Apple will allow third-party app stores, because the EU is playing hardball
The European Union isn’t having any of Apple’s exclusionary business practices.
First, Apple was forced to make iPhones USB-C compatible by 2024, and now the company must allow third-party app stores on its iPhones and iPads. Per Bloomberg‘s Mark Gurman, Apple is complying with the EU’s Digital Markets Acta series of strict rules aimed at breaking down anti-competitive practices from Big Tech and improving interoperability for consumers.

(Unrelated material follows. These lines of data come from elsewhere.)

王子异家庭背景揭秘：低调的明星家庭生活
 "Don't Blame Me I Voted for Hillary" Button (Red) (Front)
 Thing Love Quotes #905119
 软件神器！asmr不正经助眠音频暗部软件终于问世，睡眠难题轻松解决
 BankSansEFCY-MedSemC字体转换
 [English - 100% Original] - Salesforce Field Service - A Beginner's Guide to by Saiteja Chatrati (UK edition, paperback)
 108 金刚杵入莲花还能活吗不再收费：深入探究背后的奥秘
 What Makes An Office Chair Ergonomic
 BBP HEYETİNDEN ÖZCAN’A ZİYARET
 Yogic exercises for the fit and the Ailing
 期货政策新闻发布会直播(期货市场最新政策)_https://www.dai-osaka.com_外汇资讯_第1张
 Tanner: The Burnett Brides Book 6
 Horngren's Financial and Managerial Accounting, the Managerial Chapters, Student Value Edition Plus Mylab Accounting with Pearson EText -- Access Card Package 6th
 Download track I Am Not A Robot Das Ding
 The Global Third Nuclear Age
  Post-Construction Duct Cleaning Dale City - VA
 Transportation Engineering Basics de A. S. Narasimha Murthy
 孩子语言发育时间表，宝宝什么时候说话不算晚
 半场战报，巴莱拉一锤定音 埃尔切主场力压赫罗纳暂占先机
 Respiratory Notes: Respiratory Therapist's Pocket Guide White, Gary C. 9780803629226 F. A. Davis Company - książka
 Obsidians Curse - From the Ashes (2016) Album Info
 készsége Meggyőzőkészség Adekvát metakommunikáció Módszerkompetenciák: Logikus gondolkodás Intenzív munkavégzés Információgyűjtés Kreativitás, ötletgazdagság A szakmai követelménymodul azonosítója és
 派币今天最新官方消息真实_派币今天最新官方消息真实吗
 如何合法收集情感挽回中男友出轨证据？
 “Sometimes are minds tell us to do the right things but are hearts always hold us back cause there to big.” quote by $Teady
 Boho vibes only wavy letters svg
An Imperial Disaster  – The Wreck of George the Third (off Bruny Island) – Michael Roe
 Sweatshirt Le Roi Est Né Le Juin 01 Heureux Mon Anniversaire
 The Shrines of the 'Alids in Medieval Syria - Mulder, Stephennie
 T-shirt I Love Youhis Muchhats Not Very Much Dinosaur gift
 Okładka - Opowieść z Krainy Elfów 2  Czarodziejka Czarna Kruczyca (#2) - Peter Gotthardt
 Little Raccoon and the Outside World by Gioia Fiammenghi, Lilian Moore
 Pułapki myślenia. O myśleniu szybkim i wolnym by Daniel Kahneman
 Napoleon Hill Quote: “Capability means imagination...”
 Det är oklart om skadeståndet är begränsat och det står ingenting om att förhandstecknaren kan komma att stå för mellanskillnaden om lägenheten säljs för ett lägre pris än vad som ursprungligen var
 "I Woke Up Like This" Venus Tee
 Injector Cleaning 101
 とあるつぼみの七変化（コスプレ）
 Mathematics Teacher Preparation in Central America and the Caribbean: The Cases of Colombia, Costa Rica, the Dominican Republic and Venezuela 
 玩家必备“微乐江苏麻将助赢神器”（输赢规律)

Apple’s compliance with the law essentially means that third-party developers can directly connect with app users without the 30-percent commission fee Apple takes in exchange for housing apps on the App Store. Opening up its software to third parties is one of the biggest issues Apple has fought.
Apple has argued that apps outside of the App Store could be unsafe and undermine its privacy practices. Until now, going through the App Store was the only way app developers could get on Apple devices. But this move would remove Apple as the gatekeeper, which could have a major impact on the current app landscape. By downloading a third-party app store, users could access any app, including ones that aren’t on Apple’s App Store, like Fortnite, which was blacklisted from the App Store for creating a workaround for players to make in-app purchases directly through Fortnite creator Epic Games. That bitter legal battle is ongoing.
According to Gurman, Apple employees are currently engaged in a major push to open up key elements of Apple’s platforms to be in accordance with the law. Reportedly, Apple is planning these changes in an iOS 17 update next year. The Digital Markets Act goes into effect in a few months, but companies have until 2024 — or else risk a fine of 20 percent of annual global sales.